For Flag Day: Adrian Aguilera and Betelhem Makonnen’s “Untitled (a flag for John Lewis)… .”

by Christopher Blay June 14, 2021
Adrian Aguilera and Betelhem Makonnen untitled

Adrian Aguilera and Betelhem Makonnen untitled (a flag for John Lewis or a greenscreen placeholder for an America that is yet to be), 2020, Printed standard flag fabric, 240 in x 144 in. Photo Credit: Adrian Aguilera and Betelhem Makonnen; Bhadri Verduzco/Philbrook Museum of Art.

Today we celebrate Flag Day, an annual national holiday that commemorates the adoption of the flag of the United States of America on June 14, 1777, by resolution of the Second Continental Congress. Austin-based artists Adrian Aguilera and Betelhem Makonnen‘s exhibition people the we earlier this year at Prizer Arts and Letters in Austin included a flag.

Adrian Aguilera and Betelhem Makonnen untitled

Adrian Aguilera / Betelhem Makonnen untitled (a flag for John Lewis or a green screen placeholder for an America that is yet to be) 2020 fabric, flag hardware, and pole 3 ft x 5 ft. Photo credit: Prizer Arts and Letters

untitled (a flag for John Lewis or a green screen placeholder for an America that is yet to be) honors the late Georgia Congressman John Lewis, an icon of the civil rights movement, “and all past and present liberation workers who continually fight for freedom, justice, and equal rights for all Americans.” The flag is currently on view at Philbrook Museum in Tulsa, Oklahoma as part of the exhibition The Limitations of Now, through September 5 of this year.

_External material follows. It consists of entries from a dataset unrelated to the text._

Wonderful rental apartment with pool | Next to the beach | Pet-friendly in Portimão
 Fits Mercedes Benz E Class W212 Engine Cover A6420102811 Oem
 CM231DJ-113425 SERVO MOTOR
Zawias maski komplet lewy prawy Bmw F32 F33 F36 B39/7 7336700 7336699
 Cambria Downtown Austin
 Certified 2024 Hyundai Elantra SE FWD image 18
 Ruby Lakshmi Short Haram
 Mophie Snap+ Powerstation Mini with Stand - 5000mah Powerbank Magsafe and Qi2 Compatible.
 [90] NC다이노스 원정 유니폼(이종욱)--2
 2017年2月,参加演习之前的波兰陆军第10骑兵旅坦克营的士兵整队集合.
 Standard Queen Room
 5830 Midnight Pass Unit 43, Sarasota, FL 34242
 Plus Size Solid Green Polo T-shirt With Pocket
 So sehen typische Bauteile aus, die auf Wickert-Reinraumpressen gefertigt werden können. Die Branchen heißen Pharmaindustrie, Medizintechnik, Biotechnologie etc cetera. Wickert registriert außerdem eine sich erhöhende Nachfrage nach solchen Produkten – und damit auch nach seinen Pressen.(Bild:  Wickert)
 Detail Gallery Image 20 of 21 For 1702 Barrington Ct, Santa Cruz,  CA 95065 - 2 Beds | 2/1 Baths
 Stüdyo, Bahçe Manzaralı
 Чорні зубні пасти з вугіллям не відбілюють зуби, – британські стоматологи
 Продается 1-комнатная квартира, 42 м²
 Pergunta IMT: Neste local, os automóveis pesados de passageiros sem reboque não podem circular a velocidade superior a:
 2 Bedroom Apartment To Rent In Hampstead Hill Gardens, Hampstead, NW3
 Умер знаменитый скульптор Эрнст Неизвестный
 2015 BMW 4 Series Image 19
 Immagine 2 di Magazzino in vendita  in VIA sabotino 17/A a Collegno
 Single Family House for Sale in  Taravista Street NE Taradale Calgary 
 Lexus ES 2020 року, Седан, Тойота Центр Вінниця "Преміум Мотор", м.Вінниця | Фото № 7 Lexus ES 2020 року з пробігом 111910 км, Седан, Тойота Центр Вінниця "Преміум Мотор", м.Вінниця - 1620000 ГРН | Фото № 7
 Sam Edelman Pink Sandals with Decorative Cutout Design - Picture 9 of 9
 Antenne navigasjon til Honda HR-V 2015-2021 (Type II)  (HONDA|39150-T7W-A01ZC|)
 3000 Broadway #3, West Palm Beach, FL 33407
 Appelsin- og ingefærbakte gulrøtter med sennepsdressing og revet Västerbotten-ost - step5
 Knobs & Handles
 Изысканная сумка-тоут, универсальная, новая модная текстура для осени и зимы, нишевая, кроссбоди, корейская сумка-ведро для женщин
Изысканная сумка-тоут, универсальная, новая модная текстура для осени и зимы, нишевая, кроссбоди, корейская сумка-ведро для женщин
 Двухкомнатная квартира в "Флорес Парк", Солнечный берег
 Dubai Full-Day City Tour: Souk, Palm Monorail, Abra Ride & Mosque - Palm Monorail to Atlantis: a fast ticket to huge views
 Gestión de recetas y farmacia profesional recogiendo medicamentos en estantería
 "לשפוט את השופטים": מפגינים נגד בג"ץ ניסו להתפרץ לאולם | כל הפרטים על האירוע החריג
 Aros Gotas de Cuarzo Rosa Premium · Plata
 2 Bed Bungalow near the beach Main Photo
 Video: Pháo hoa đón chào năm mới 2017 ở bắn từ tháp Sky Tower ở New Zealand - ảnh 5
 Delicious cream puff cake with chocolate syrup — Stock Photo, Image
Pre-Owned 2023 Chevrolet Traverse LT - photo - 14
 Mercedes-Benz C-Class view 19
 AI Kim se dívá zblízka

Makonnen and Aguilera’s flag is available as a lapel pin which can be ordered from Pilbrook Museum here. Proceeds benefit the Black Wall Street Memorial, a project powered by the Tulsa Community Remembrance Coalition. About the pin, Makonnen writes, “I deeply want this (pin) to also serve as a refusal to participate in resettling to “normal”.